The European Central Bank has called an unscheduled meeting of its governing council to discuss the recent sell-off in bond markets, raising the prospect it could announce a new tool to tackle surging borrowing costs in weaker eurozone economies.
The ECB said: “The governing council will have an ad hoc meeting on Wednesday to discuss current market conditions.”
The move raised investor expectations that it was preparing to announce a policy instrument to prevent the recent sell-off in bonds of certain countries from triggering another debt crisis in the region.
The euro reversed some of its losses, rising 0.5 percentage points against the dollar to $1.0475 early on Wednesday, after the ECB statement was reported by newswires.

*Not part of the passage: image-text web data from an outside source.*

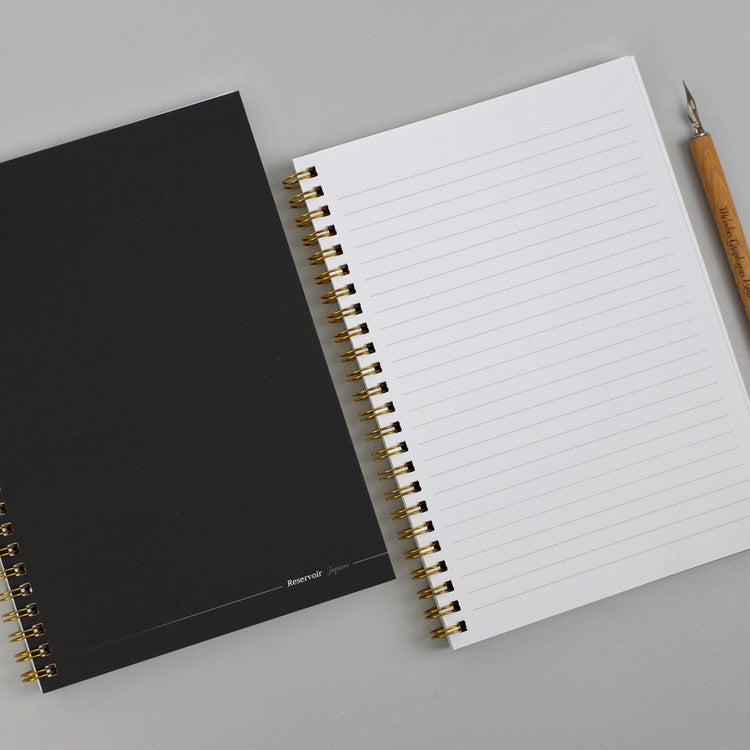 Wearingeul Reservoir Ring Note - A5 (Ruled) notebook with gold spiral binding, shown open with ruled pages and closed with a black cover, alongside a wooden dip-pen nib.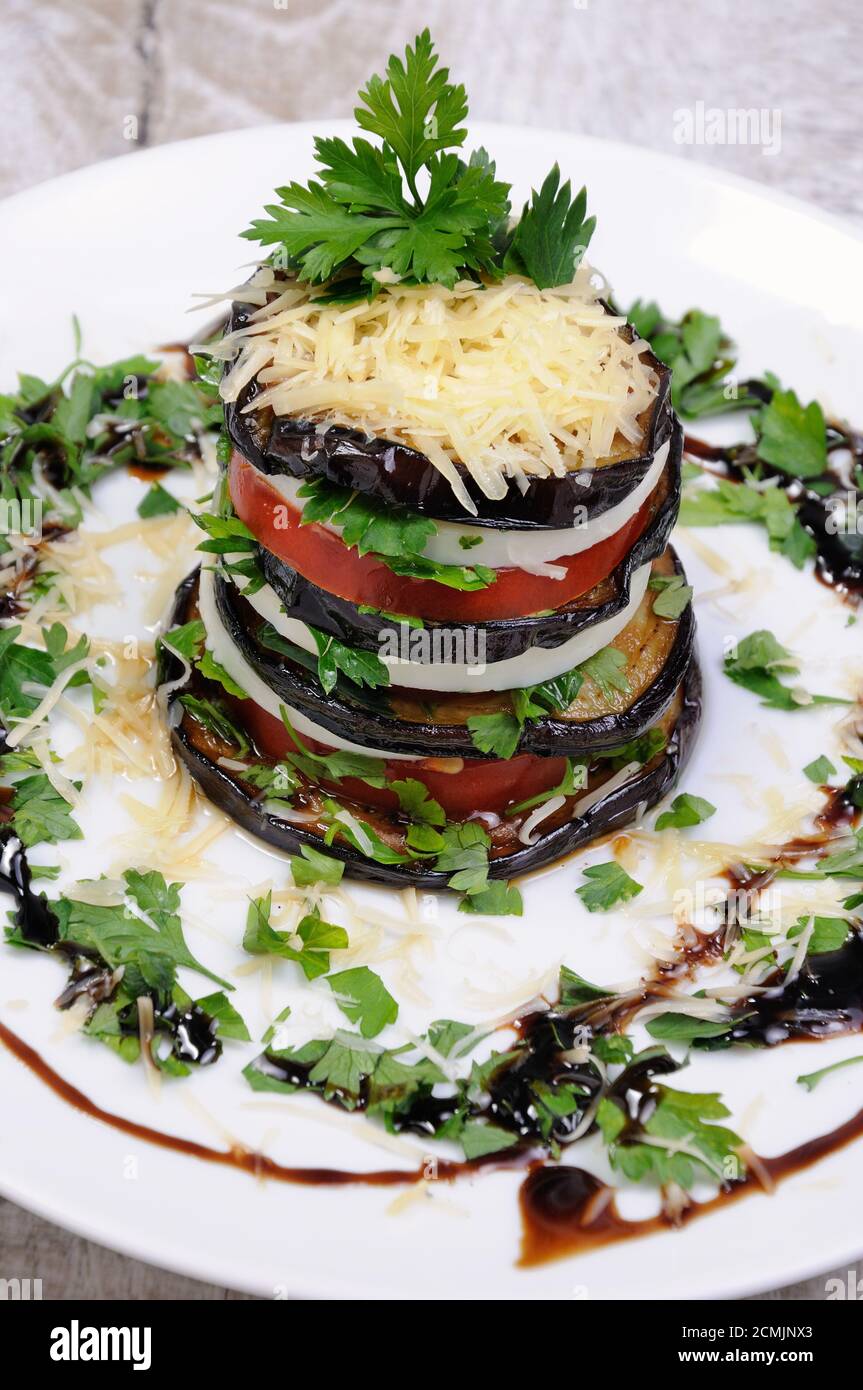 Appetizer from eggplant , slices of mozzarella combined in a pile with tomatoes spilled with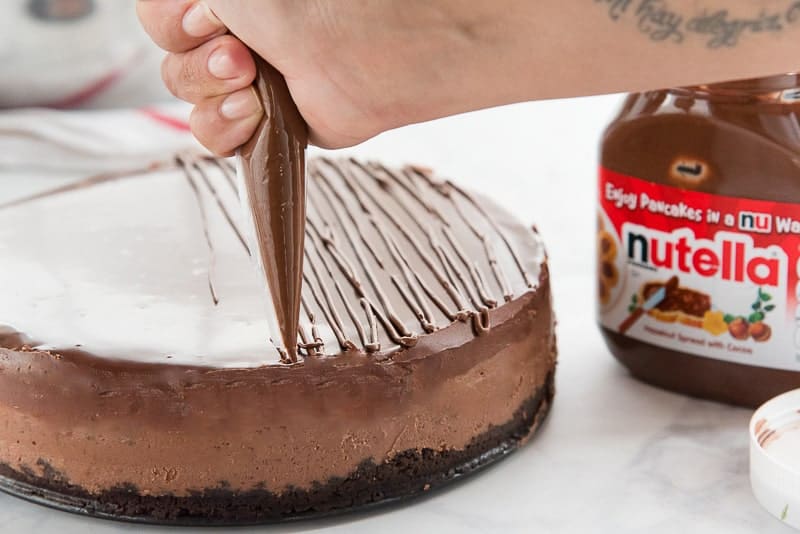 A hand drizzles Nutella onto the cheesecake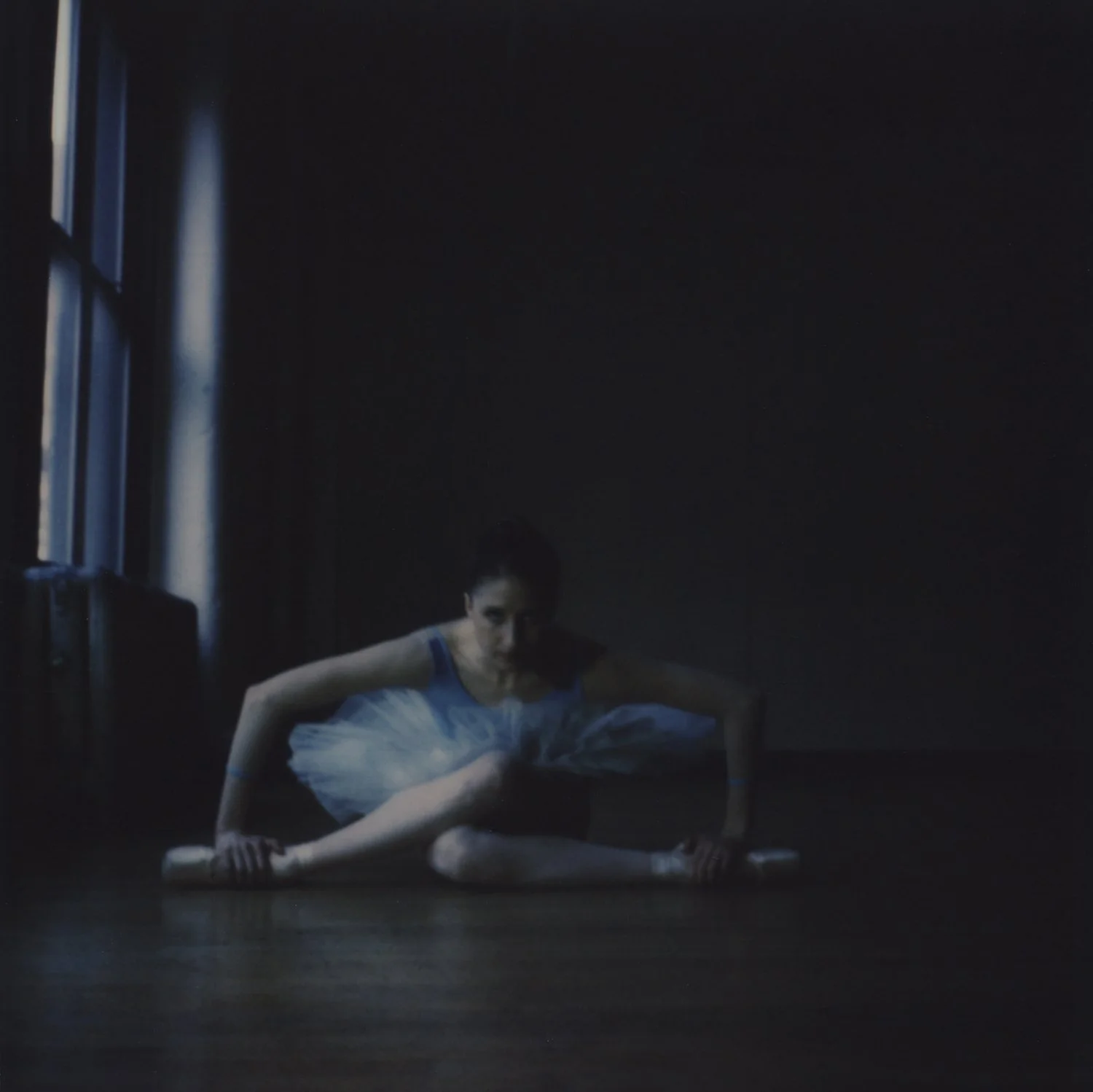 A ballerina in a blue tutu stretching on a dark dance studio floor with large windows letting in natural light.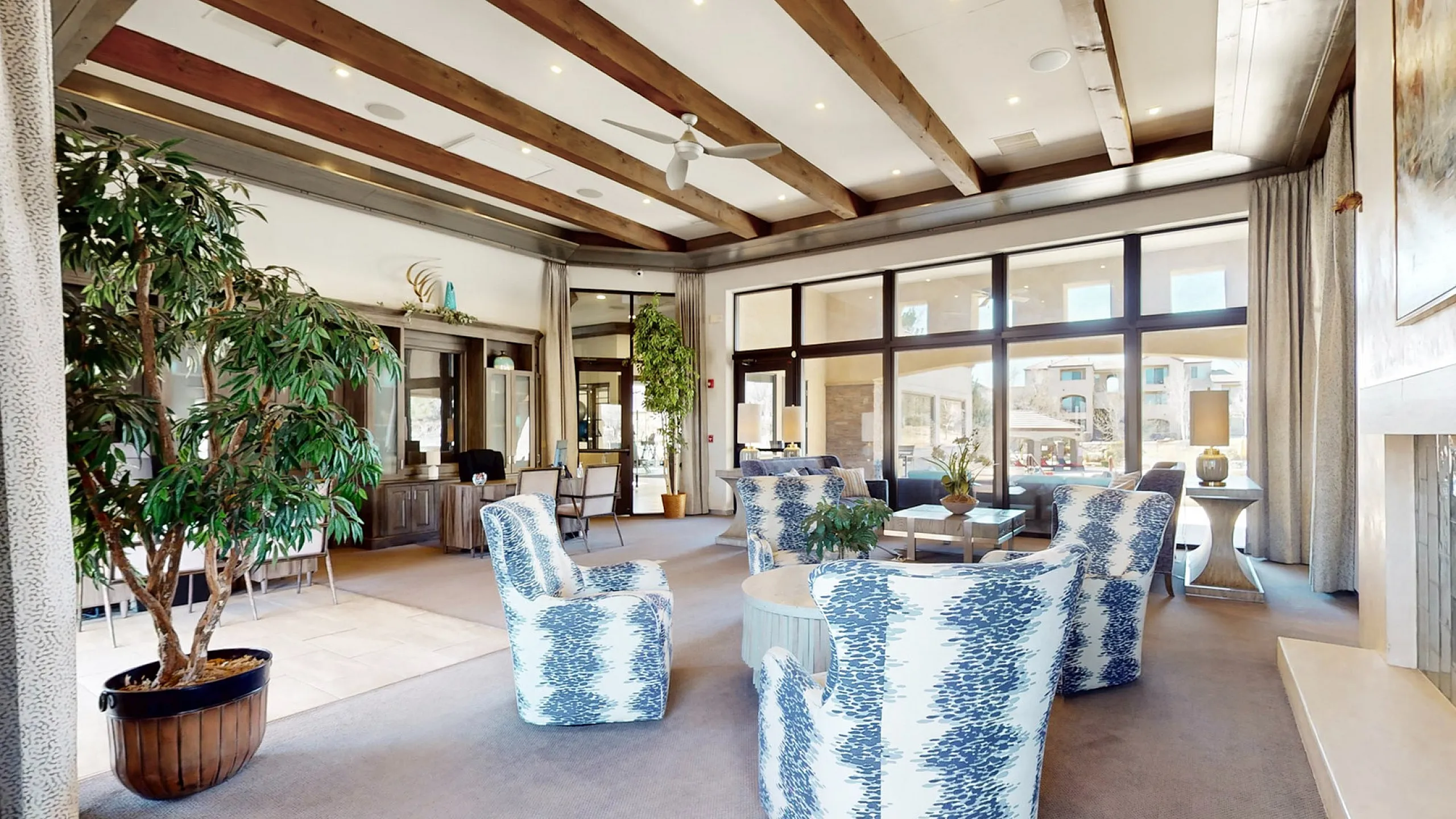 Luxurious lounge space with modern furniture, large windows, and wooden ceiling beams.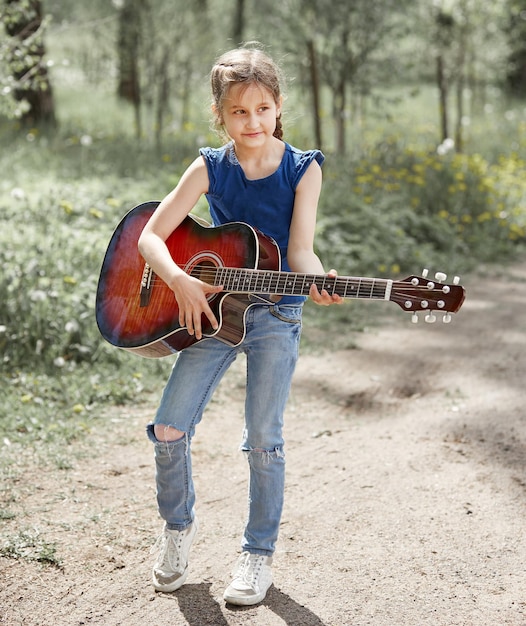 Little girl with guitar standing on the path in the city Park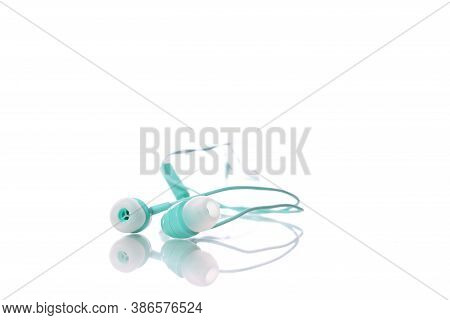 Colorful Mint Earphones Isolated On White Background. Playlist, Podcast, Entertainment Gadget, Relax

Borrowing costs for heavily indebted countries such as Italy and Spain have shot to eight-year highs, since the ECB last week signalled an end to the ultra-loose monetary policy of the past decade by announcing plans to stop buying more bonds and to start raising interest rates.
The gap between Italian and German borrowing costs — the so-called spread — has widened to 2.4 percentage points, double last year’s level and up from about 2 percentage points before last week’s ECB meeting.
ECB executive board member Isabel Schnabel indicated in a speech on Tuesday evening that the central bank was getting closer to the point where it would intervene in bond markets, saying “some borrowers have seen significantly larger changes in financing conditions than others since the start of the year”.
She added: “Such changes in financing conditions may constitute an impairment in the transmission of monetary policy that requires close monitoring.”